10 mins and all done 





It's a proper little bike I'm well impressed





Paint is like metallic really impressed with quality of the whole bike






And a proper comfy adjustable saddle too. 
He's going to love it when he gets home from school


----------



## Wafer (29 Apr 2016)

Have you tried sitting on it?


----------



## rideswithmoobs (29 Apr 2016)

Wafer said:


> Have you tried sitting on it?



 Yes. I wish they had these bikes when I was a young' un


----------



## CacheMama (29 Apr 2016)

When my daughter's Islabike Luath arrive, there was serious bike envy in our house...mainly from me!
Happy riding, we love Islabikes in this house.


----------



## rideswithmoobs (29 Apr 2016)

CacheMama said:


> When my daughter's Islabike Luath arrive, there was serious bike envy in our house...mainly from me!
> Happy riding, we love Islabikes in this house.



I have bike envy, if only I was a dwarf I could keep it for myself


----------



## User482 (29 Apr 2016)

Excellent!

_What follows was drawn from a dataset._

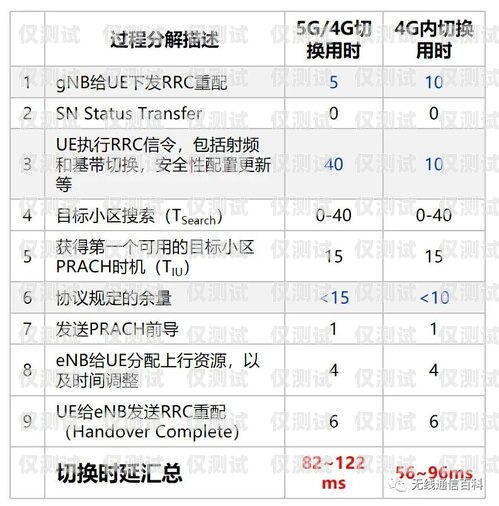 電銷卡與合約卡的區別電銷卡與合約卡的區別是什么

Mini User482 has exactly the same model and colour - she loves it.


----------



## rideswithmoobs (29 Apr 2016)

User482 said:


> Excellent! Mini User482 has exactly the same model and colour - she loves it.

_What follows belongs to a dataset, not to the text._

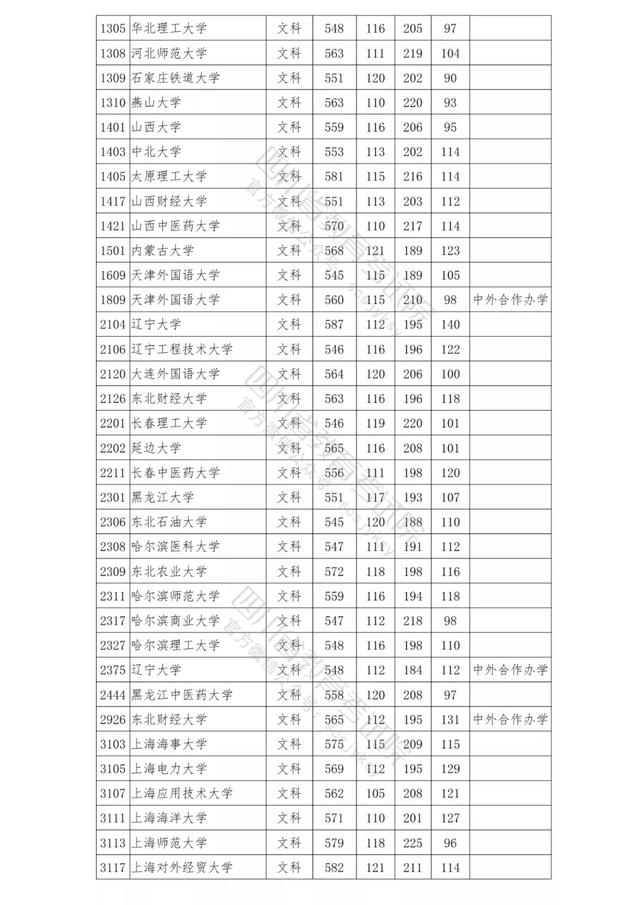 包含四川公办学校录取分数线的词条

He wanted the green straight away and I figured it's a more universal colour than the red (boy) pink (girl) so easier to sell on or reuse for both boy & girl if we have another youngster. 
Can't wait till he sees it tonight


----------



## mustang1 (29 Apr 2016)

They're great bikes. There a are a couple in the Mustang household and another one is due soon for my eldest. The younger one will take the older one's old bike but I have to figure how to remove the name (I had the rider's name stick on it).

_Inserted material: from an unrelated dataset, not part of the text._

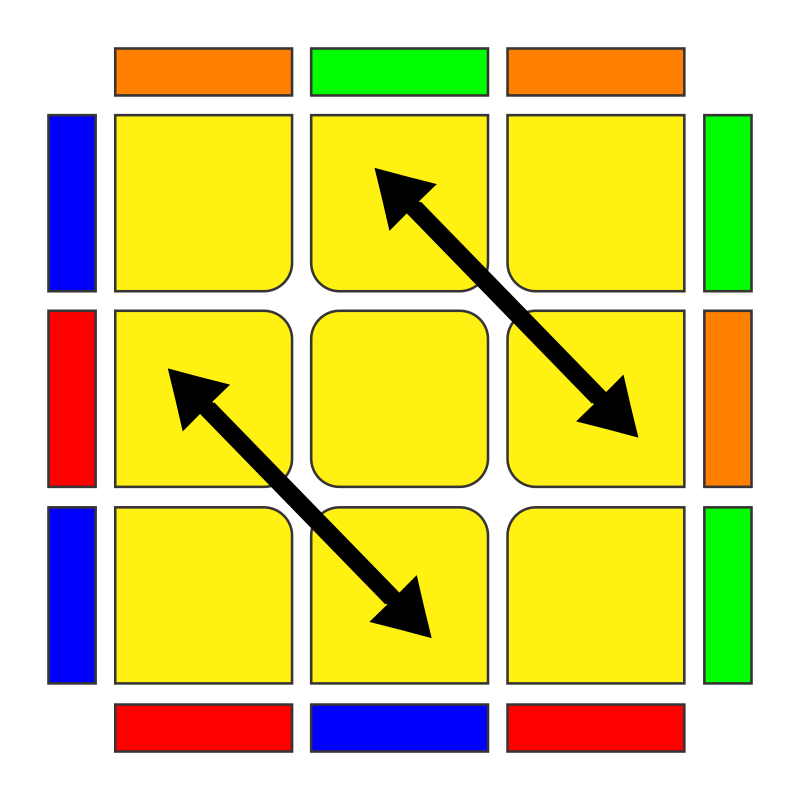 Oll-3x3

I might get Mrs Mustang the adult one some time.


----------



## rideswithmoobs (29 Apr 2016)

I thought about the name but refrained for that very reason Incase I wanted to pass it on. Good to hear they are great bikes. Money well spent


----------



## e-rider (29 Apr 2016)

Isalbikes are fantastic bikes for kids. However, due to the high price tag and the fact that kids can grow out of the small sized models within 1 year, I refrained from buying an Islabike until my son was large enough for the 24" Beinn, which lasted 3 years before becoming too small.


----------



## jamin100 (29 Apr 2016)

We brought my sons Luath from the shop in Ludlow and was lucky that that had one in stock we could take away.
Great bike - he loves it


----------



## steven1988 (30 Apr 2016)

Absolutely cracking kids bikes. My lad rides a beinn 24 on leisure rides and cross races in the winter. The difference in his riding ability when we bought a beinn 20 was incredible.


----------



## rideswithmoobs (30 Apr 2016)

Within 10 mins today he had mastered setting himself off and pedalling so fast his feet would come off pedals as it spun out  we had to tell him to slow down. He cycled 4 miles on lune cycle path with poor me running behind sweating like mad and sprinting at some points. We figured a few weeks or so before I had to go out on my bike with him.....erm think again  if I could upload a video I would, he is flying already


----------



## User482 (1 May 2016)

Yesterday, mini User482 cycled 8 miles on the Strawberry line from Yatton to Axbridge. Not bad for a 4 year old...


----------



## rideswithmoobs (1 May 2016)

Managed about 4.5 today on lune cycle path again. Needs a smaller rear sprocket, keeps spinning out


----------



## fimm (12 May 2016)

On the subject of kids "spinning out" these two blog posts may be of interest:
http://deceasedcanine.blogspot.co.uk/2016/05/how-to-choose-kids-bikeor-why-its-not.html
http://deceasedcanine.blogspot.co.uk/2016/05/operation-souped-up-islabike-success.html
Note this is *not* my blog


----------



## rideswithmoobs (12 May 2016)

Never asked Isla bikes but maybe I will drop a mail


----------



## Twilkes (20 Oct 2020)

Does anyone know if the design of the Cnoc bikes has changed over the last few years, e.g. is there a disadvantage of buying a 2015/16 bike over what is available now?


----------



## steven1988 (21 Oct 2020)

Twilkes said:


> Does anyone know if the design of the Cnoc bikes has changed over the last few years, e.g. is there a disadvantage of buying a 2015/16 bike over what is available now?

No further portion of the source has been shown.